> **Data under study**:
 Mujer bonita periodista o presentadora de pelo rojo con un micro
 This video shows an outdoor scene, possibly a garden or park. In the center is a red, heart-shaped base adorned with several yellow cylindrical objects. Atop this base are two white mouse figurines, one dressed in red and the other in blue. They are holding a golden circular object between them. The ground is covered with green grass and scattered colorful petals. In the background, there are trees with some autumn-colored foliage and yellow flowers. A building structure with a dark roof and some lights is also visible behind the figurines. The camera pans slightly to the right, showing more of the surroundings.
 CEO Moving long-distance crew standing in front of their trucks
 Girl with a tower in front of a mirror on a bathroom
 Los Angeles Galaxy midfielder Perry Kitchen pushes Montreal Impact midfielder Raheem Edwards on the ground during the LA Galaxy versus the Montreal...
...
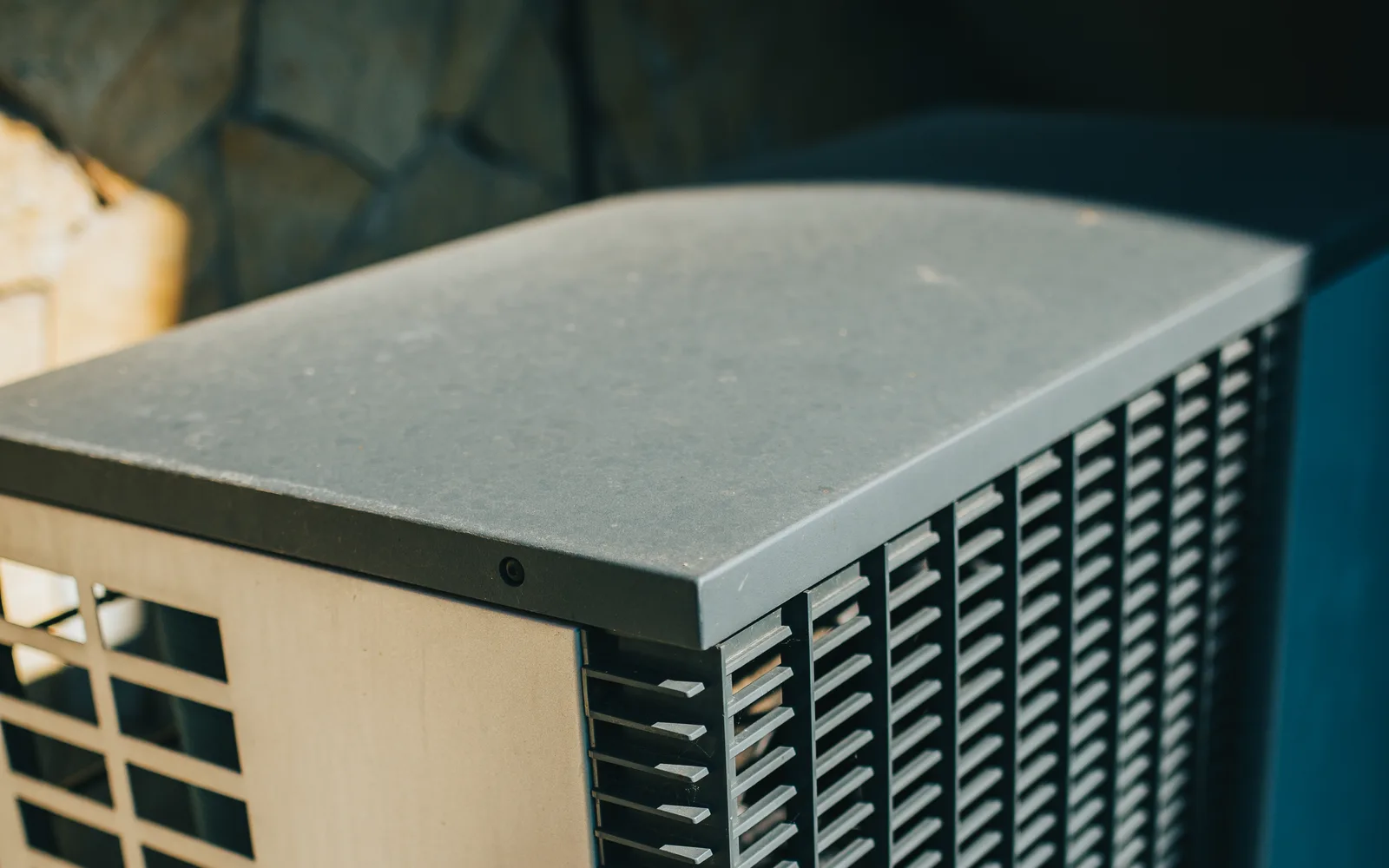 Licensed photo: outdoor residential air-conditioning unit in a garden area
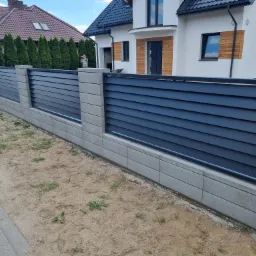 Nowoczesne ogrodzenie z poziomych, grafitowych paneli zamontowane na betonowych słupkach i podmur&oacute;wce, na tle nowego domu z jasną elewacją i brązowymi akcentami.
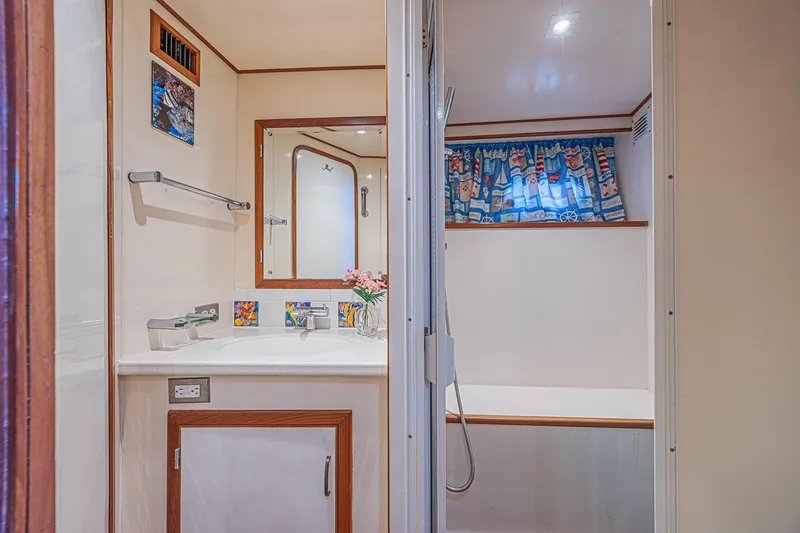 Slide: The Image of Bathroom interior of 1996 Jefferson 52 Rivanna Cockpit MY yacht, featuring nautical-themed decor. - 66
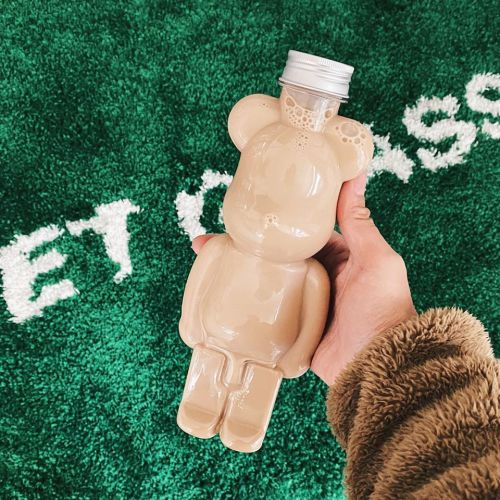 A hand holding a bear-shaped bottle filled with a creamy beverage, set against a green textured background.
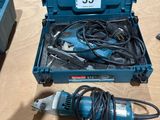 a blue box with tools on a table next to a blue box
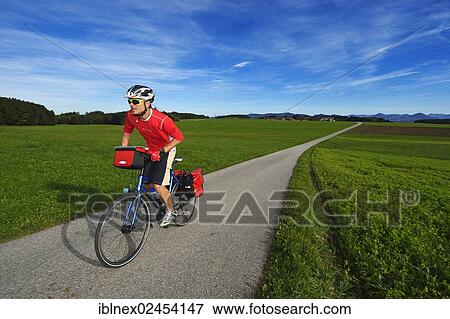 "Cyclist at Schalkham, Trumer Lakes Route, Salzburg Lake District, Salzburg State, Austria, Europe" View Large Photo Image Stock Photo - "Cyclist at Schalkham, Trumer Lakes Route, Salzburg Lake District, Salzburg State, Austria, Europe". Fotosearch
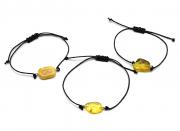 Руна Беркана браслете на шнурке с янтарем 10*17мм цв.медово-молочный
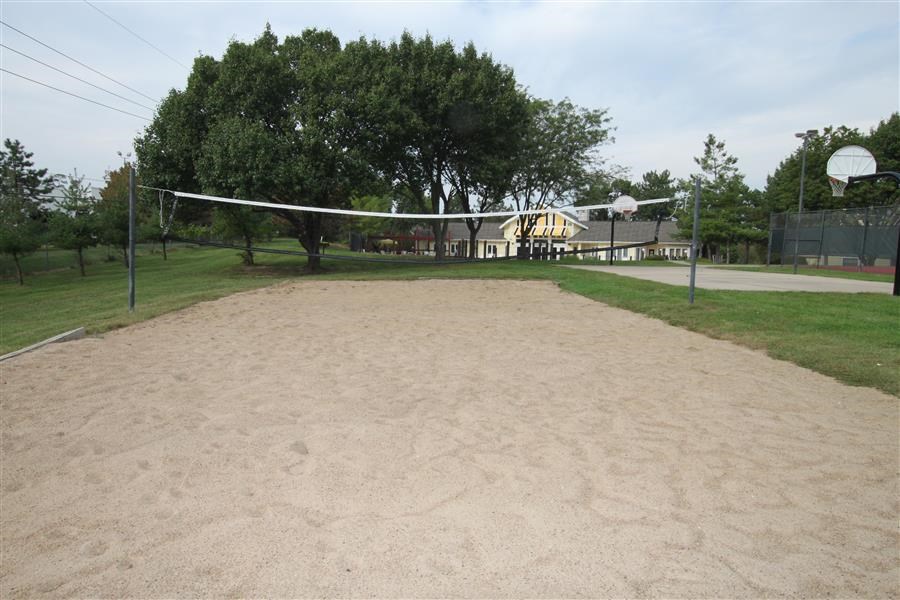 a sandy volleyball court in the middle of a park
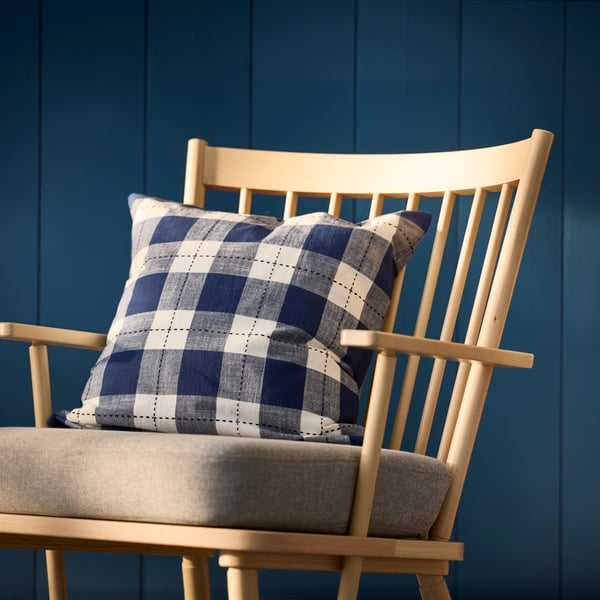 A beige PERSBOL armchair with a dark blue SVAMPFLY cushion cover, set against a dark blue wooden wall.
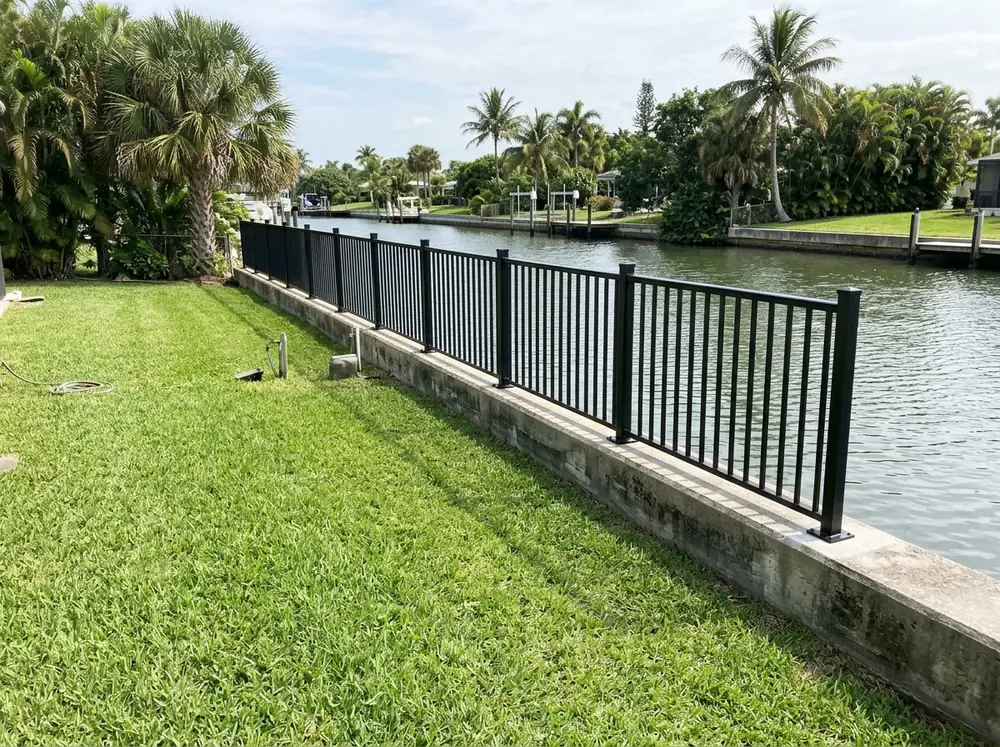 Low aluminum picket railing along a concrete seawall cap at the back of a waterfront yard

> **Work order**: Within the listing above, locate the line containing "This video shows" and the line containing "Los Angeles Galaxy". Reproduce those two lines and all lines between them exactly, with nothing added.

> **Written answer**:
 This video shows an outdoor scene, possibly a garden or park. In the center is a red, heart-shaped base adorned with several yellow cylindrical objects. Atop this base are two white mouse figurines, one dressed in red and the other in blue. They are holding a golden circular object between them. The ground is covered with green grass and scattered colorful petals. In the background, there are trees with some autumn-colored foliage and yellow flowers. A building structure with a dark roof and some lights is also visible behind the figurines. The camera pans slightly to the right, showing more of the surroundings.
 CEO Moving long-distance crew standing in front of their trucks
 Girl with a tower in front of a mirror on a bathroom
 Los Angeles Galaxy midfielder Perry Kitchen pushes Montreal Impact midfielder Raheem Edwards on the ground during the LA Galaxy versus the Montreal...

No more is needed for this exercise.